GoogleClosure does a lot of smart ass optimizations. I had to strive really
hard to get close to it. It should be possible to even beat it, but then
again, GCL has a gazillion lines of code and runs terribly slow, so I’m not
sure it worths spending the effort to save a few bytes. Also, GCL doesn’t
cope with eval()
or with{}
– it just dumps a warning and proceeds to
mangle names anyway; my DynarchLIB compiled with it is buggy because of
this.
UglifyJS consists of ~1100 lines of code for the tokenizer/parser, and ~1100 lines for the compressor and code generator. That should make it very maintainable and easily extensible, so I would say it has a good place in this field and it’s bound to become the de-facto standard JS minifier. And I shall rule the world. :-) Use it, and spread the word!

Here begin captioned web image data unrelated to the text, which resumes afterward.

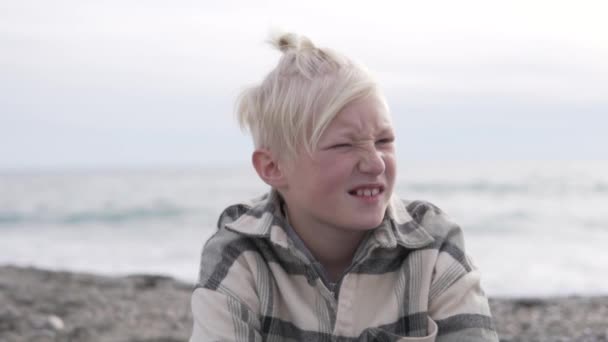 Красивый Блондин Бросает Камень Море — стоковое видео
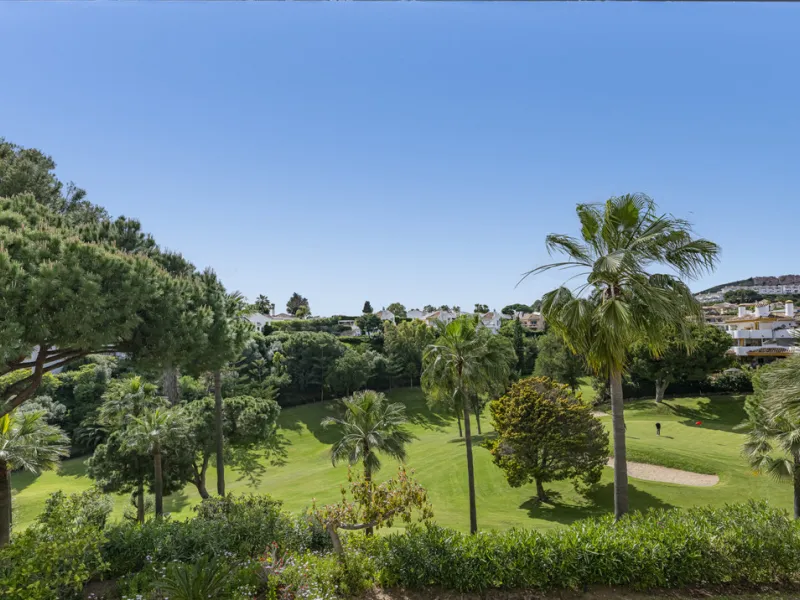 Sea views are the first thing you notice here. Open, wide, uninterrupted views across the Mediterranean from your own south-facing terrace in Sitio de Calahonda, Mijas. This modern, fully refurbished apartment offers 112 m² of built-up area and is set in 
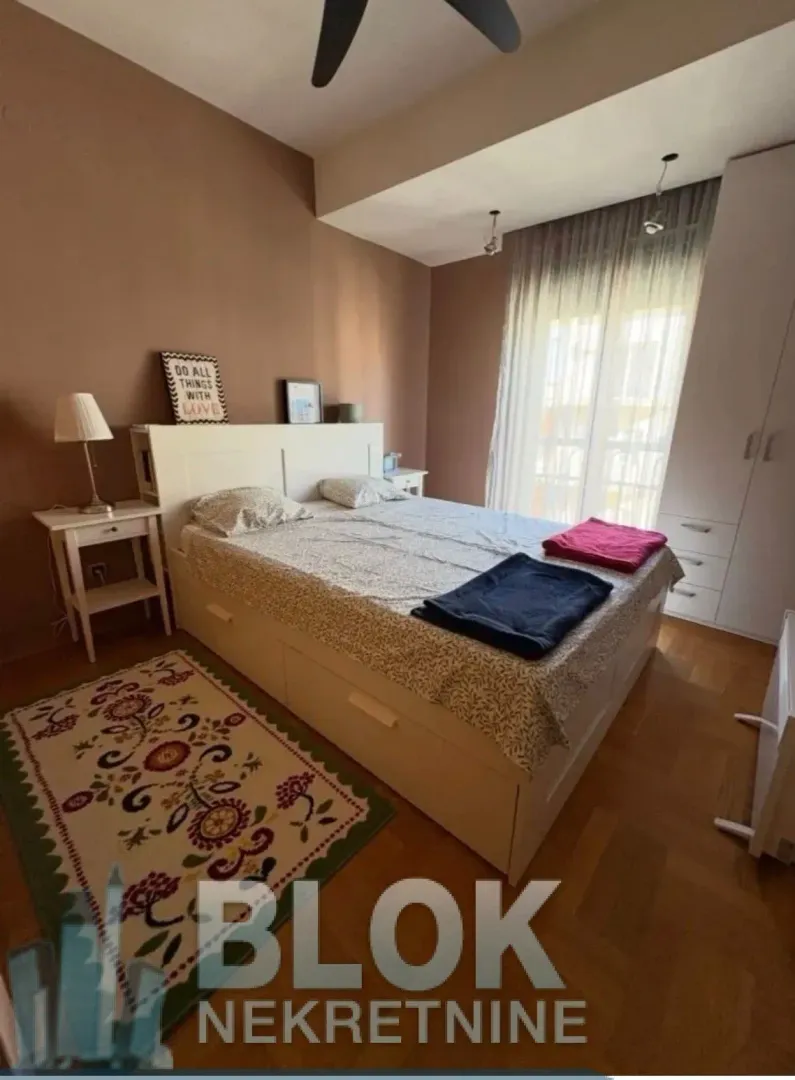 Izdavanje, jednosoban stan, 45m², Centar, Podgorica
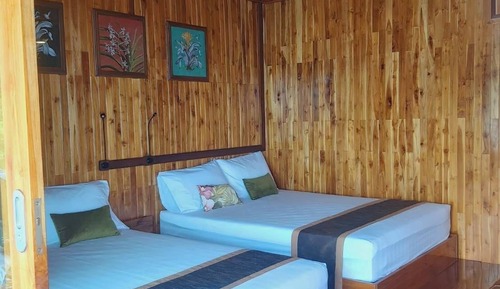 Habitación cuádruple, vistas al río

Unfortunately, for the time being there is no automated test suite. But I ran the compressor manually on non-trivial code, and then I tested that the generated code works as expected. A few hundred times.
DynarchLIB was started in times when there was no good JS minifier. Therefore I was quite religious about trying to write short code manually, and as such DL contains a lot of syntactic hacks[1] such as “foo == bar ? a = 10 : b = 20”, though the more readable version would clearly be to use “if/else”.
Since the parser/compressor runs fine on DL and jQuery, I’m quite confident that it’s solid enough for production use. If you can identify any bugs, I’d love to hear about them (use the Google Group or email me directly).
[1] I even reported a few bugs and suggested some fixes in the original parse-js library, and Marijn pushed fixes literally in minutes.
- Project at GitHub: http://github.com/mishoo/UglifyJS
- Google Group: http://groups.google.com/group/uglifyjs
- Common Lisp JS parser: http://marijn.haverbeke.nl/parse-js/
- JS-to-Lisp compiler: http://github.com/marijnh/js
- Common Lisp JS uglifier: http://github.com/mishoo/cl-uglify-js
UglifyJS is released under the BSD license:
Copyright 2010 (c) Mihai Bazon <[email protected]> Based on parse-js (http://marijn.haverbeke.nl/parse-js/). Redistribution and use in source and binary forms, with or without modification, are permitted provided that the following conditions are met: * Redistributions of source code must retain the above copyright notice, this list of conditions and the following disclaimer. * Redistributions in binary form must reproduce the above copyright notice, this list of conditions and the following disclaimer in the documentation and/or other materials provided with the distribution. THIS SOFTWARE IS PROVIDED BY THE COPYRIGHT HOLDER “AS IS” AND ANY EXPRESS OR IMPLIED WARRANTIES, INCLUDING, BUT NOT LIMITED TO, THE IMPLIED WARRANTIES OF MERCHANTABILITY AND FITNESS FOR A PARTICULAR PURPOSE ARE DISCLAIMED. IN NO EVENT SHALL THE COPYRIGHT HOLDER BE LIABLE FOR ANY DIRECT, INDIRECT, INCIDENTAL, SPECIAL, EXEMPLARY, OR CONSEQUENTIAL DAMAGES (INCLUDING, BUT NOT LIMITED TO, PROCUREMENT OF SUBSTITUTE GOODS OR SERVICES; LOSS OF USE, DATA, OR PROFITS; OR BUSINESS INTERRUPTION) HOWEVER CAUSED AND ON ANY THEORY OF LIABILITY, WHETHER IN CONTRACT, STRICT LIABILITY, OR TORT (INCLUDING NEGLIGENCE OR OTHERWISE) ARISING IN ANY WAY OUT OF THE USE OF THIS SOFTWARE, EVEN IF ADVISED OF THE POSSIBILITY OF SUCH DAMAGE.